Phineas Finn is the focal point of the story as he embarks on a career in the service of the nation as a Member of Parliament. Phineas appears as an impressionable young Irishman, whose charm and gift for pleasant conversation bring him opportunities that push his capacity for maintaining focus. He is several grades advanced beyond the stage of the hobbledehoy portrayed by Trollope in Johnny Eames of the Barsetshire series, but he is still learning the ways of the world. And so we learn the ways of Phineas's world as he endures the inconveniences and embarrassments of the learning process.
One could do worse than to use this novel as a textbook on the English Constitution. We follow Phineas through election to Parliament from two different boroughs, we observe the protocols and courtesies in the House of Commons, we see his landlord participate in a riot, we meet with the Cabinet, and we see governments formed, dissolved, and replaced.
Through all this Phineas pursues his career with ambition and charm. The men like him, and the women love him. He makes love to four of the women, including his childhood sweetheart, with varying results. A clandestine duel on a beach in Belgium, ending as happily as any duel can, is the central event of the story, after which our hero shrugs and marches on.
The first to refuse Phineas is Lady Laura Standish. One of Trollope's strong women, she sublimates her political interests and ambitions into a vicarious interest in Phineas's career. Though she is in love with him, they are both poor, and she decides to accept marriage to a wealthy Scot with a large home place in the country and a promising career in Parliament. Unfortunately for Laura, his unbending religious scruples destroy the marriage, affording us insights into the institution of marriage in Victorian times. Eventually she flees to Dresden to escape his lawful demand that she live in the same house with him.
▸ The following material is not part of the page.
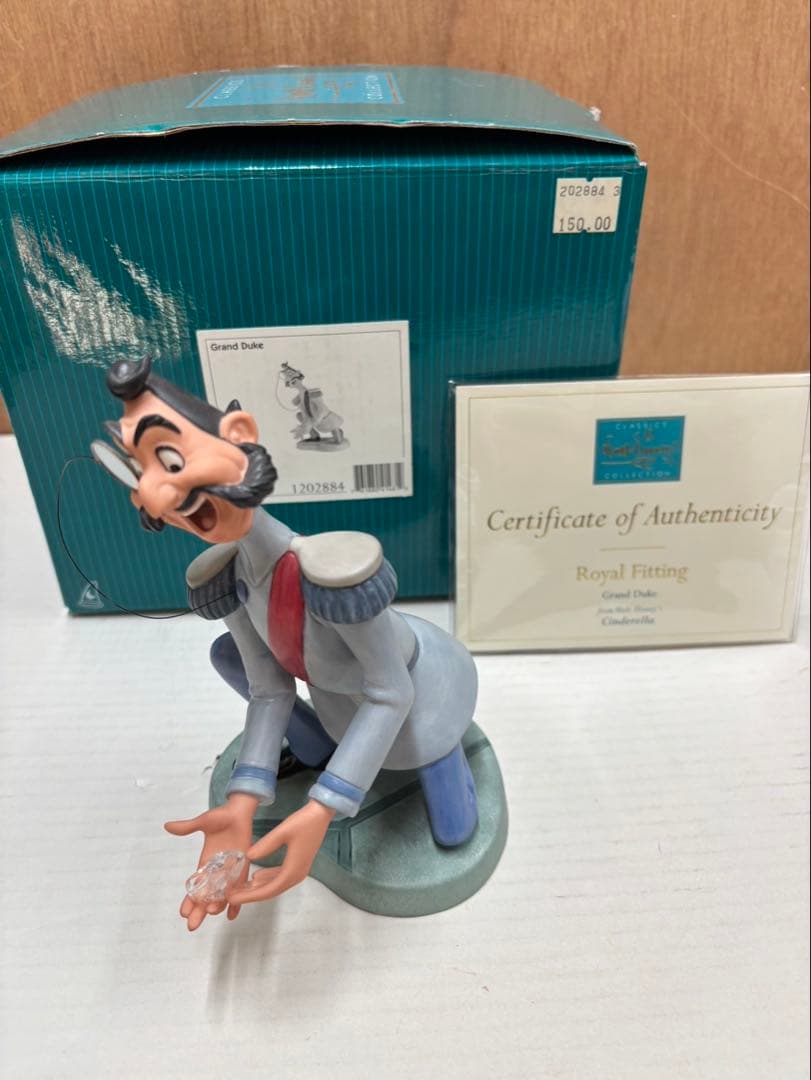 ディズニーwDCC 太公ガラスの靴 ( シンデレラを探しに )
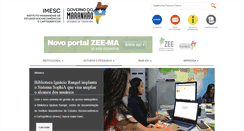 Desktop Screenshot of imesc.ma.gov.br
Violet Effingham, beautiful and witty, also refuses a later offer of marriage. She rebels against the oppressive guardianship of her aunt, Lady Baldock, and she is too strong-willed to go along with marriage to Lord Chiltern at the first attempt, having the audacity to propose to him that he pursue a gainful occupation. Violet was shortchanged in the BBC production of The Pallisers, in which the strength of her character is sacrificed to the abbreviating demands of film making.
Madame Max Goesler figures in several of the novels as a friend to Lady Glencora and to the Duke of Omnium. Representing the foreign element in the story (and one of the few foreigners whom he presents in a favorable light), she is a wealthy young widow from Vienna, given to making innocent observations about some of the curious English customs. She attracts the elderly Duke of Omnium, who offers to marry her. Lady Glencora fears that this could lead to the birth of a son to the Duke, knocking her little son out of the line of succession to the Duke, and her interview with Madame Max is rather one-sided. Lady Glencora protests that a seventy year old Duke of Omnium "may not do as he pleases, as may another man."
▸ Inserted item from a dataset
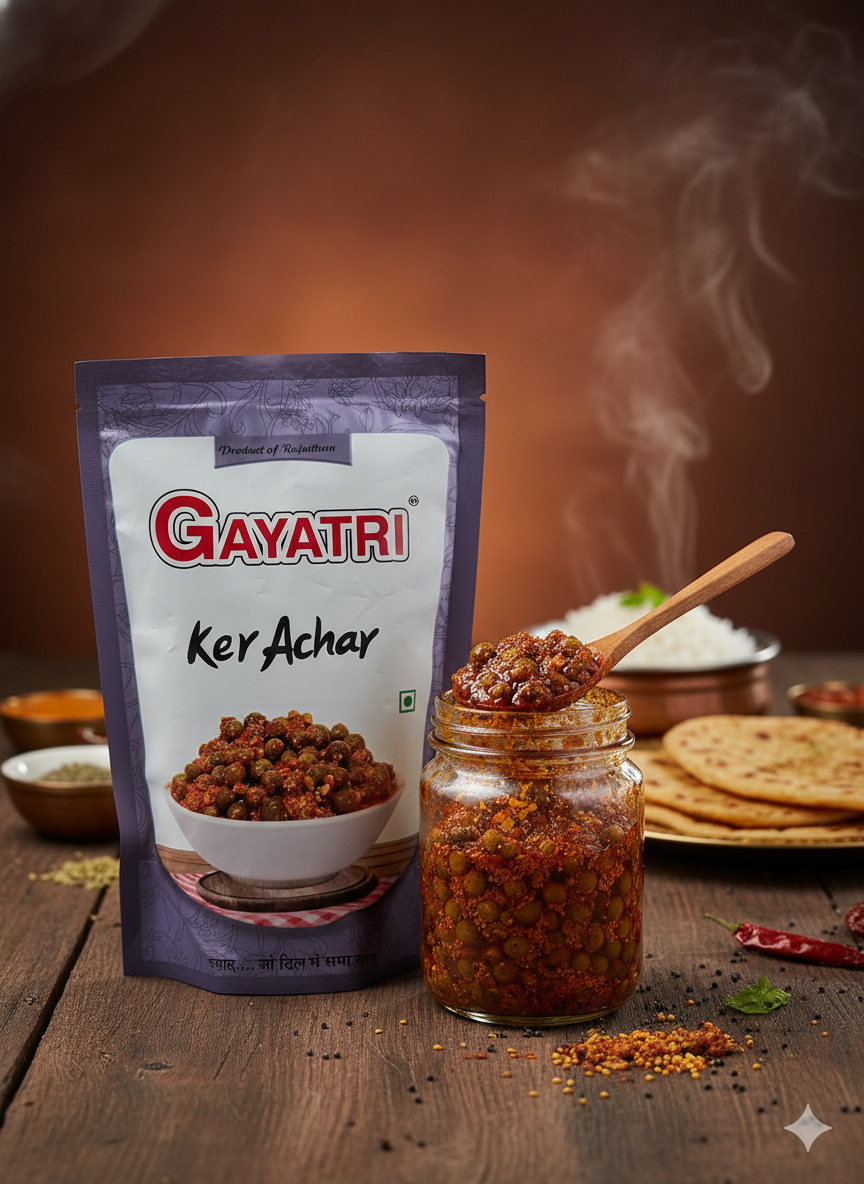 Gayatri Ker Achar – Traditional Rajasthani Spicy Ker Pickle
Madame Max replies that his Grace should be allowed to try that question, but she puts this matter aside to assert that she would not degrade any man whom she should marry. On the other hand, she would not willingly do him any injury, and she assures Lady Glencora that her fears for her son are premature—unless Lady Glencora's arguments should drive her to marrying the Duke just to prove she is wrong. "But you had better leave me to settle the matter in my own bosom. You had indeed."
Madame Max bears the burden of offering wise observations on the world around her, acceptable to the reader who pictures her as a beautiful dark-haired young woman. Though she refuses the offer of marriage to the Duke, she remains his friend and offers this assessment of his role in society in refuting Phineas's claim that he is useless to society:
"You believe only in motion, Mr. Finn;—and not at all in quiescence. An express train at full speed is grander to you than a mountain with heaps of snow. I own that to me there is something glorious in the dignity of a man too high to do anything,—if only he knows how to carry that dignity with a proper grace. I think that there should be breasts made to carry stars."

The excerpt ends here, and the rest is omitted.